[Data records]
________________________________________

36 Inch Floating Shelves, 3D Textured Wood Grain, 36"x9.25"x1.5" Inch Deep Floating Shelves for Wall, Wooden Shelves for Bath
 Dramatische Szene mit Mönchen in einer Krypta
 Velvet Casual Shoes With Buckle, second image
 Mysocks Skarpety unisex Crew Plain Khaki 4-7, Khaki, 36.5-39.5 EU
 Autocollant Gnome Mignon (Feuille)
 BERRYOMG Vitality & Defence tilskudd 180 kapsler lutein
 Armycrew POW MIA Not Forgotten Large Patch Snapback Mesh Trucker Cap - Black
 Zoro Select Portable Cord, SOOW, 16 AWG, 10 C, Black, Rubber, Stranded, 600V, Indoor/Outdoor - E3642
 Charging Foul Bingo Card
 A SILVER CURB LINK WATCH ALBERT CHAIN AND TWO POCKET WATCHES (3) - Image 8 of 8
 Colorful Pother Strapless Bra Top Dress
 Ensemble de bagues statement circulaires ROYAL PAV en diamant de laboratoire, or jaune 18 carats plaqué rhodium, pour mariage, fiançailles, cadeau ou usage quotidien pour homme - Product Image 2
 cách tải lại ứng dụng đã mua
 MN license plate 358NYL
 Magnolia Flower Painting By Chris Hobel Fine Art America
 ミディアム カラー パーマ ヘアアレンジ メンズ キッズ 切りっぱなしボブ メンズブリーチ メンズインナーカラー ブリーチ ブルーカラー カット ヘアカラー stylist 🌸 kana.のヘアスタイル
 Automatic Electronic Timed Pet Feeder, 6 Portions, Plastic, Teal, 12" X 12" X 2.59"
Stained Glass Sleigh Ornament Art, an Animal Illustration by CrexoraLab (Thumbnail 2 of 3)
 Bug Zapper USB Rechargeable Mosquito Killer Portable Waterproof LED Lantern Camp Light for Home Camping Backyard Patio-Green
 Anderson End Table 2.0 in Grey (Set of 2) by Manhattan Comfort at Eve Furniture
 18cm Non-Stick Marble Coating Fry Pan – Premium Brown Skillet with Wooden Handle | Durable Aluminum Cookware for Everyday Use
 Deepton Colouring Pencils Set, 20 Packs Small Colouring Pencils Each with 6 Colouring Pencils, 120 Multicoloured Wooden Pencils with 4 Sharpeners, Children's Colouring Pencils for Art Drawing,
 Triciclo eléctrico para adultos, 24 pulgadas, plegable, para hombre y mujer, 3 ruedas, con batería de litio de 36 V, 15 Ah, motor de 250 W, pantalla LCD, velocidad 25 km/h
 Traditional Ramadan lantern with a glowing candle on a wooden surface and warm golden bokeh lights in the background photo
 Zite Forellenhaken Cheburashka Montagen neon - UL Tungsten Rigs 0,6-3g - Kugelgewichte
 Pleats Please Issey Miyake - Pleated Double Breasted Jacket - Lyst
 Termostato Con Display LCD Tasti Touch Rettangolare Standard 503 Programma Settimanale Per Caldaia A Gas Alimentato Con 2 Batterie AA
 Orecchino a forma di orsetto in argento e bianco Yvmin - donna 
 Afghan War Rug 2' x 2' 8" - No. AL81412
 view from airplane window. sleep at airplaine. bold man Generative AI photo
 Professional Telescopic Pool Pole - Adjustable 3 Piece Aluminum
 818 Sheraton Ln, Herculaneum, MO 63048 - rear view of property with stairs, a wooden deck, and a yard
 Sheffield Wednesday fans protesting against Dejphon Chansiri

________________________________________

■ Task goal ■
When a line above contains the string "Black", copy that line.

■ Solved problem ■
 Armycrew POW MIA Not Forgotten Large Patch Snapback Mesh Trucker Cap - Black
 Zoro Select Portable Cord, SOOW, 16 AWG, 10 C, Black, Rubber, Stranded, 600V, Indoor/Outdoor - E3642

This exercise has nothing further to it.